Les réalisateurs Nicolas Charlet et Bruno Lavaine – à qui l’on doit l’émission culte Message à caractère informatif sur Canal+, ainsi que les films Le Grand Méchant Loup et À la recherche de l’ultra-sex – sont de retour avec Alter Ego.
Cette comédie explore avec malice les méandres de l’identité et de la comparaison sociale, portée par Laurent Lafitte dans un double rôle magistral. Il y incarne deux personnages opposés : Alex, un homme ordinaire et solitaire, et Axel, son nouveau voisin qui semble être sa version idéale.
Charismatique, accompli, séduisant… Axel incarne tout ce qu’Alex n’est pas, plongeant ce dernier dans une spirale de jalousie et de paranoïa. Commence alors le cauchemar d’un type exaspéré par ce voisin qui lui ressemble comme deux gouttes d’eau… « mais avec des cheveux ».


Le bien est l’ennemi du mieux. L’affiche du film, résume parfaitement le propos : Alex (le chauve, donc) est un homme « bien » – gentil, médiocre sans excès, cadre dans une petite boîte au nom générique (la fameuse COGIP), coincé dans une petite ville pavillonnaire sans âme. Puis déboule Axel (le chevelu), sa version augmentée, « en mieux » sur tous les plans. Très vite, l’homme bien développe une méfiance puis une haine viscérale envers cet homme mieux.
Le scénario capte astucieusement des angoisses très contemporaines : la comparaison permanente (merci les réseaux sociaux) qui peut devenir destructrice.

Mais Alter Ego ne se contente pas d’être une comédie sociale. Le film flirte avec l’absurde, le vaudeville, et glisse même par moments vers une forme d’inquiétude diffuse. Cette hybridité se ressent dans la mise en scène : tourné en cinémascope avec des objectifs des années 1960, le film joue sur l’esthétique pour amplifier l’isolement et les émotions des personnages.

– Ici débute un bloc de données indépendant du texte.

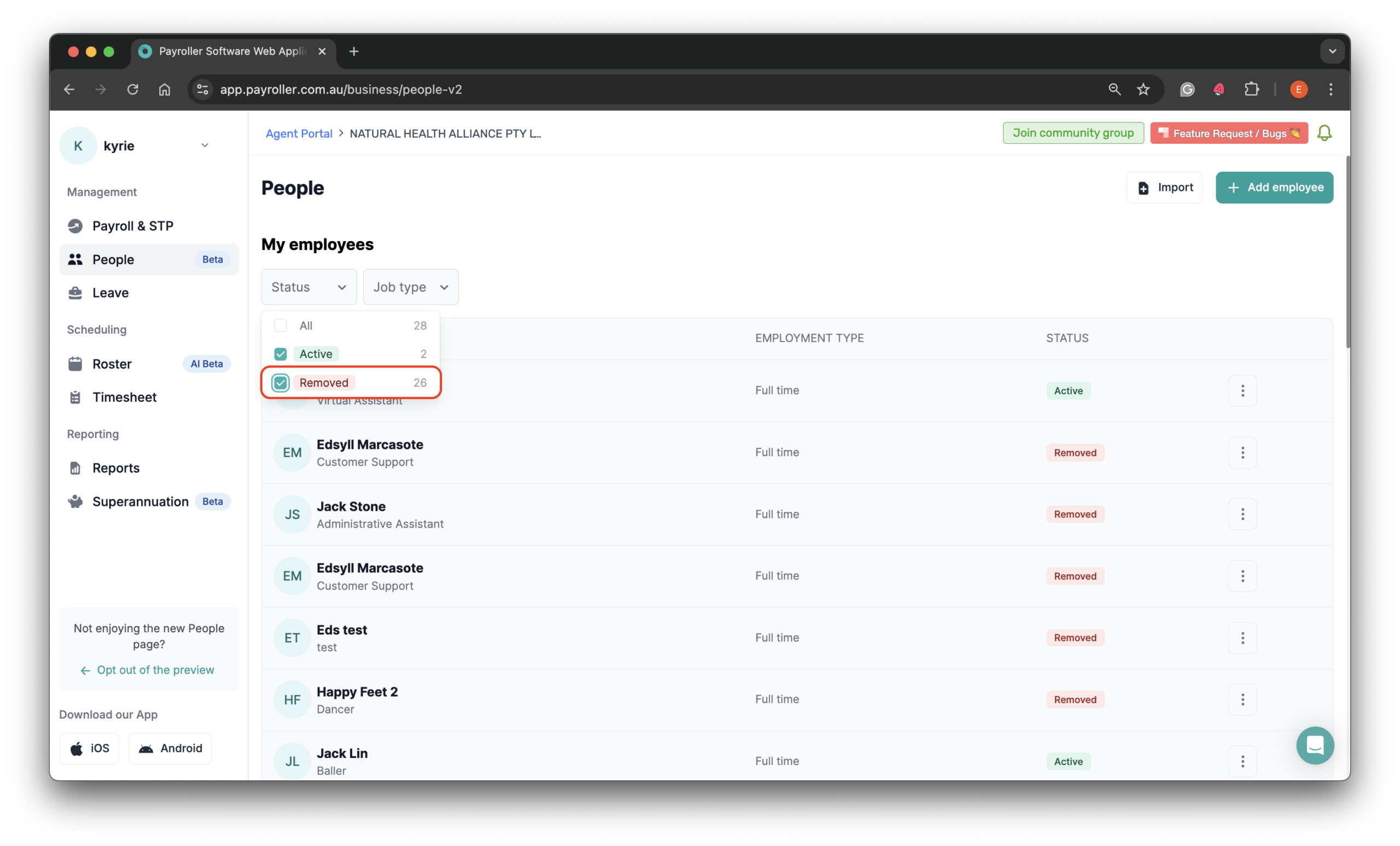 Setting up your employees - Recovering deleted employees - 2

Blanche Gardin, en compagne d’Alex, apporte une dimension supplémentaire bienvenue. En voyant l’un (le chauve) enlisé dans sa petite vie de couple morne face à l’autre (le chevelu, beau et sportif), on pense irrésistiblement à l’univers de Fabcaro – l’auteur de Zai Zai Zai Zai que Nicolas & Bruno ont déjà adapté en fiction sonore.

La filiation est évidente. C’est aussi l’occasion de retrouver la mythique COGIP, cette entreprise qui ne fait rien de précis et dont les bureaux semblent figés dans les années 70. En 2026, vont-ils enfin enlever les cloisons et imposer l’open space aux employés malheureux ? Les petits détails font tout le sel du film : les manies des personnages, la moustache improbable de Zabou Breitman (parce que pourquoi pas ?), etc.

Alter Ego se déroule sur quelques jours seulement. Les premiers actes font monter la tension, et le dernier acte pète joyeusement un câble : twists sortis de nulle part, enchaînements délirants… jusqu’au dernier plan. Contempler la société ne suffisait pas, il fallait la faire dérailler complètement. Bref, Alter Ego est super drôle, vraiment très intéressant et porté par un Laurent Lafitte phénoménal.
Une comédie absurde et mordante qui mérite largement le détour au cinéma à voir du 18 au 24 mars!